By Shari Prymak

The Toyota Supra can trace its roots back to the 1970s when it was originally based on the Toyota Celica sports car. The Supra didn’t make serious waves, however, until, the fourth generation MK4 model from the 1990s. Thanks to its incredible tuneability, indestructible 2JZ engine, and a memorable stint as Paul Walker’s ride of choice in The Fast and the Furious film, the MK4 Supra earned itself legendary status among the enthusiast community. After a two decade hiatus, the Supra is back for a fifth generation, taking a bit of inspiration from its past, combined with a hefty amount of help from an unexpected ally.

The Supra’s eye-catching design is loosely based on Toyota’s highly-praised FT-1 concept from 2014. It’s a striking looking sports car with taut proportions and shapely details from head to toe. The design is all Toyota, but the Supra’s bones are actually shared with the BMW Z4 Roadster. In an effort to save costs, the two sports cars were jointly developed and are actually built on the same assembly line in Graz, Austria. The result is that the Supra actually share’s its entire platform, suspension, brakes, and drivetrain with BMW. Final suspension and drivetrain calibration, however, is Toyota’s own.

The parts sharing can also be seen in the cabin where the Supra makes liberal use of BMW components. Aside from the JBL premium sound system, just about everything from the comfortable sport seats to the iDrive-based infotainment system, to all the minor switchgear, will look familiar to BMW owners. The benefit of this, however, is that the interior has an unquestionable upscale aura with excellent materials and a high level of build quality. It is also surprisingly feature-packed and comfortable for a dedicated two-seater sports car.

As much as I could picture one using a Supra on a regular basis for its comfort and refinement, it is the engaging and thrilling driving experience that is the real draw. Toyota benchmarked the Porsche 718 Cayman during the Supra’s development, and the results show. The steering is razor sharp and wonderfully responsive to inputs. The large brakes inspire confidence with immense stopping power and great pedal feel. And the suspension is remarkably well-tuned with excellent body control and chassis balance when hustled. Although normal mode does a fine job of showcasing the Supra’s dynamic talents, the controls can be sharpened further with the simple push of a sport button. Each of the settings can be tailored to the driver’s preferences with an individual mode as well.

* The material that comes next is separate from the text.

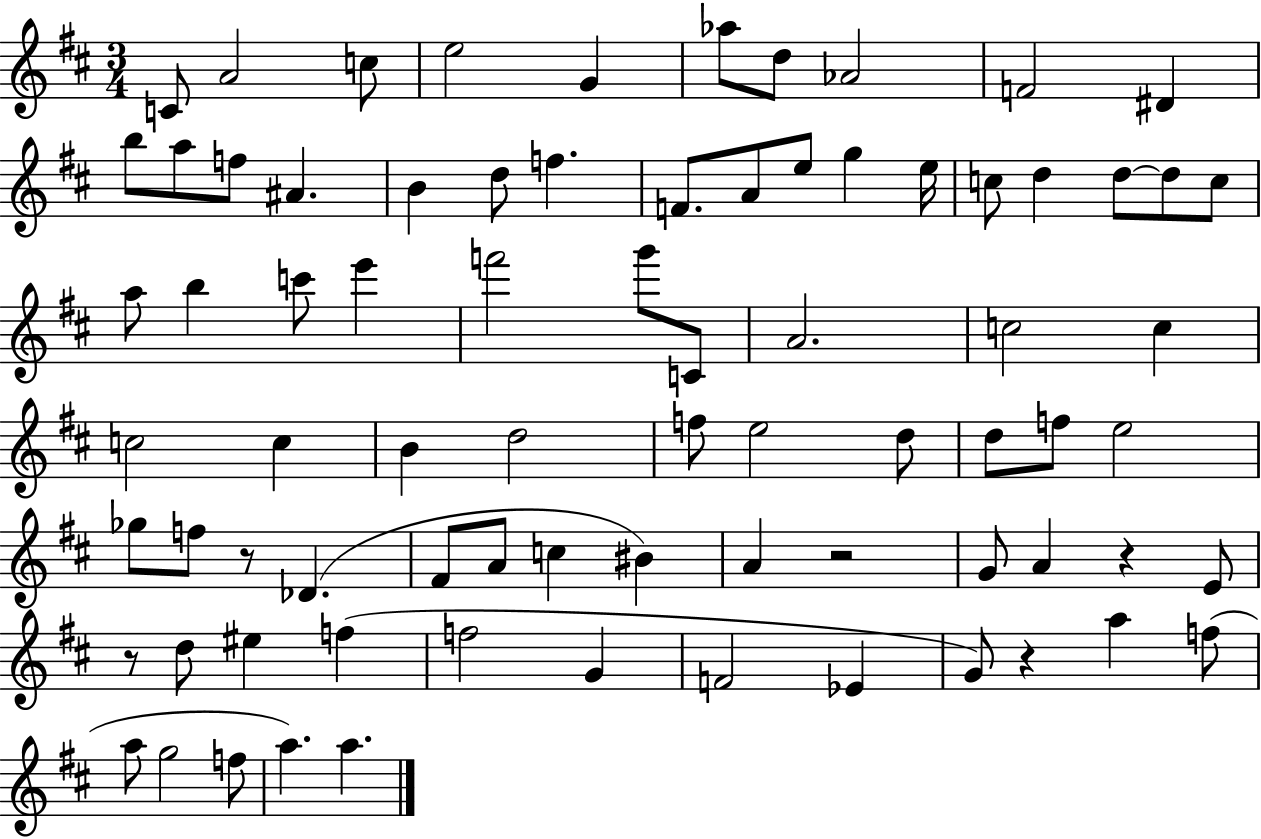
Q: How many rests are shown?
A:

Although handling and cornering ability are vital parts of the sports car experience, the Supra has traditionally been better known for its astounding straight-line performance courtesy of its highly tunable engine. Like the 2JZ-powered MK4, the latest Supra is powered by a highly capable turbocharged straight-six engine. The BMW-sourced unit produces a claimed 335 horsepower and 369 lb-ft of torque, and powers the rear wheels exclusively through an 8-speed automatic transmission. 0-100km/h comes in as little as 4 seconds with a wonderfully smooth power delivery and an aurally satisfying tone accompanied by pops and crackles in sport mode. The 8-speed automatic is equally impressive, delivering rapid-fire shifts with uncanny accuracy and judgment.

There’s no question that the Supra delivers on the full sports car experience with outstanding performance and thrills. The fact that it is able to deliver as much as it does for an MSRP of $64,990 is quite impressive when compared to similar performing, higher-priced sports cars such as the Porsche 718 Cayman and BMW M2 Competition. The only significant knock really is the lack of a proper manual gearbox option for that extra bit of engagement. As it sits, however, the Supra is a highly accomplished sports car. It is a different animal from its predecessor, but no less a proper Supra for it.